WHAT YOU ARE ASKED TO DO: In the entries that follow, repeat exactly the lines from the one that has "Abstract geometric colorful" through the one that has "Femme posant dans", but omit pictures.

DATA RECORDS: Begin

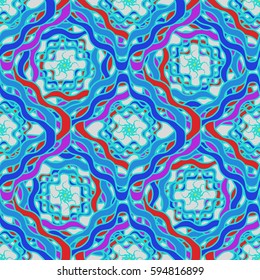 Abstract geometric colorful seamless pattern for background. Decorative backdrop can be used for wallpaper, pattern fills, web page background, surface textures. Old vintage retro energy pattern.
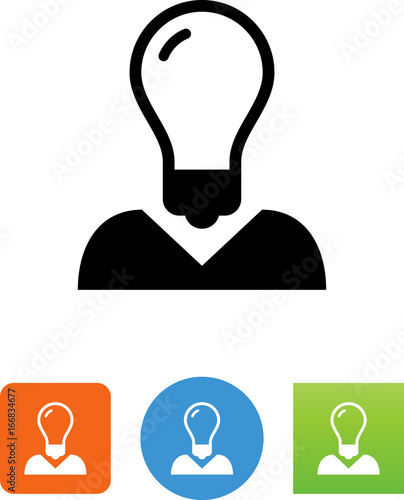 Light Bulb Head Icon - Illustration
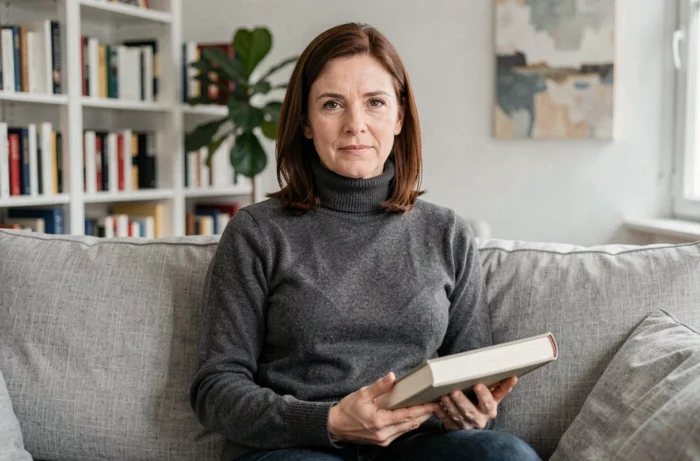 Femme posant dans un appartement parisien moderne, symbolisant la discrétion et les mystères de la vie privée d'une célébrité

DATA RECORDS: End
DATA RECORDS: Begin

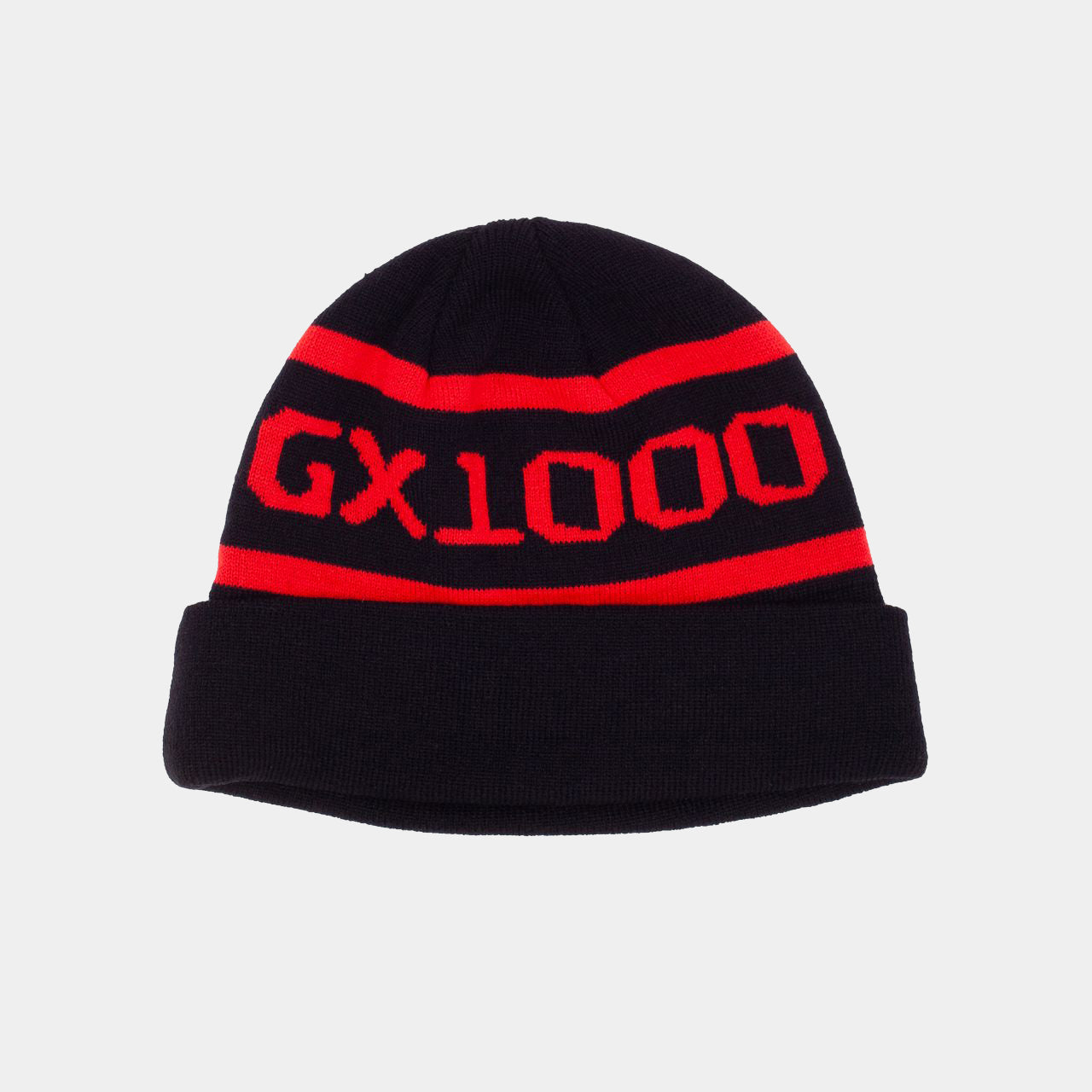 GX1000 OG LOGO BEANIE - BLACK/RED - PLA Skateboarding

DATA RECORDS: End

EXERCISE OUTPUT:
 Abstract geometric colorful seamless pattern for background. Decorative backdrop can be used for wallpaper, pattern fills, web page background, surface textures. Old vintage retro energy pattern.
 Light Bulb Head Icon - Illustration
 Femme posant dans un appartement parisien moderne, symbolisant la discrétion et les mystères de la vie privée d'une célébrité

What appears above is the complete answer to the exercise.